I have developed from a MATLAB code a GPU CUDA code, I checked intermediate products of the algorithm and they practically the same at each stage of the processing. But after a cufft2d call the output diverge from the MATLAB one. The differences are not compatible with differences of input matrices in CUDA code and MATLAB code respectively.
Let’s say for sake of simplicity, U_cuda and U_matlab the 2 matrices N1xN2 obtained by CUDA code and MATLAB respectively. What happens is that:
U_cuda and U_matlab are equal unless a relative tollerance of 1e-6.
cufft(U_cuda) and ff2(U_matlab) are different and maximum differece is about 30% in some points of the output, that is unacceptable.
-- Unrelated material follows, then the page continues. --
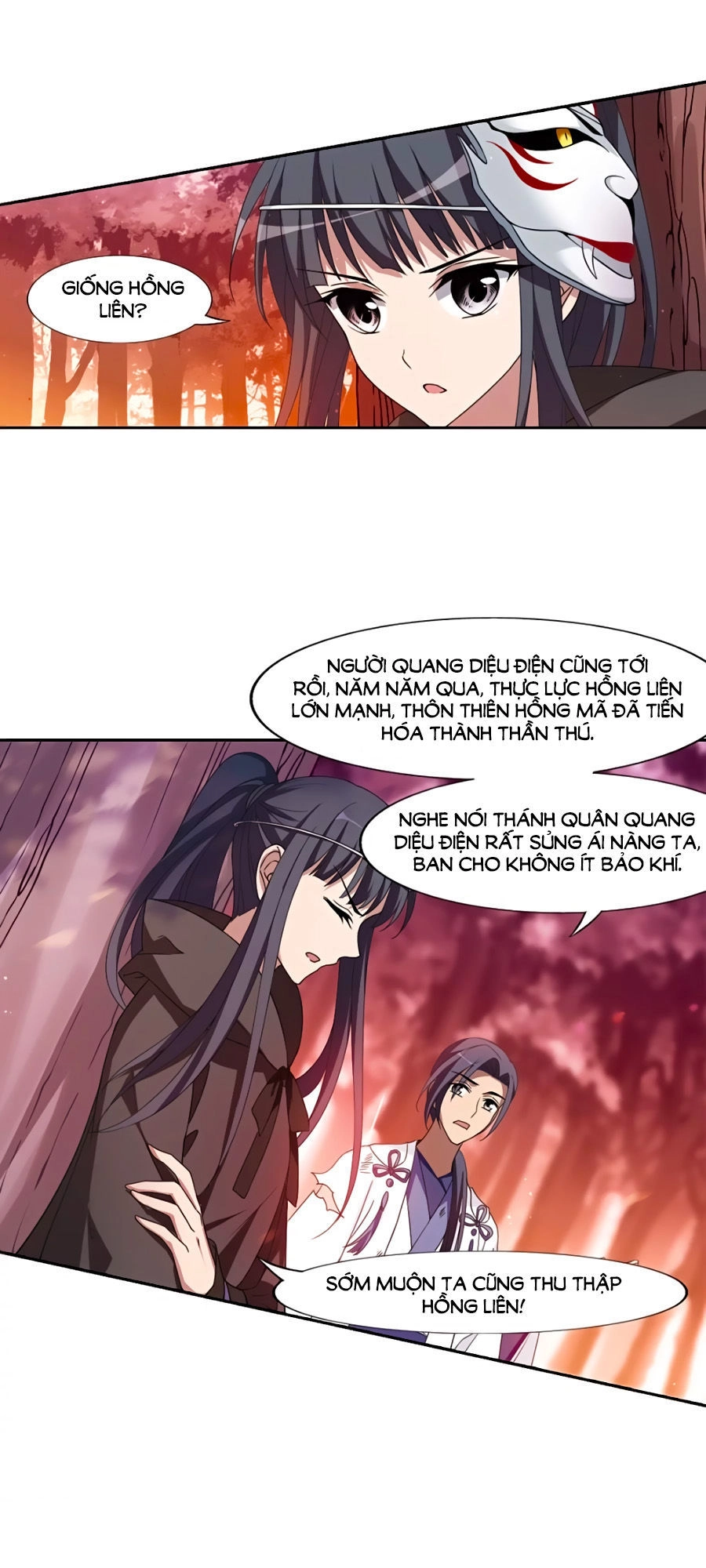 Phượng Nghịch Thiên Hạ Chapter 168.2 - 9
Indded, the final result of CUDA code is drastically affected: for istance MATLAB code produce 35.45 while CUDA 45.17 in points where FFT and cuFFT do not agree.
In order to understand if there was a problem above the FFT call in the code I made some experimental trial.
I) I evaluated by means of FFT_matlab the fft of U_cuda in standard precision (- fft2(U_cuda) command)
II) I evaluated by means of cuFFT the FFT of U_matlab in single precision
III) I evaluated by means of cuFFT the FFT of U_matlab in double precision
IV) I evaluated by means of FFTW the FFT of U_cuda in single precision
V) I evaluated by means of FFTW the FFT of U_cuda in double precision
VI) I evaluated by means of FFTW the FFT of U_matlab in double precision
The result is that: FFT_matlab(U_matlab) = FFT_matlab(U_cuda) != FFT_cufft (U_matlab)=FFT_cufft(U_cuda)=FFTW(U_cuda) (both single and double prec.) =FFTW(U_matlab) (both single and double prec.).
How it is possible?
Why FFT MATLAB is different and also it seems to be the correct one as the matrix has some symmetry properties that only with FFT_matlab appear?
I’m getting crazy. Is it possible that FFTW and CUFFT are less accurate than MATLAB FFT?
Please, help me.
p.s. the size of the input matrix U is just 16x16!!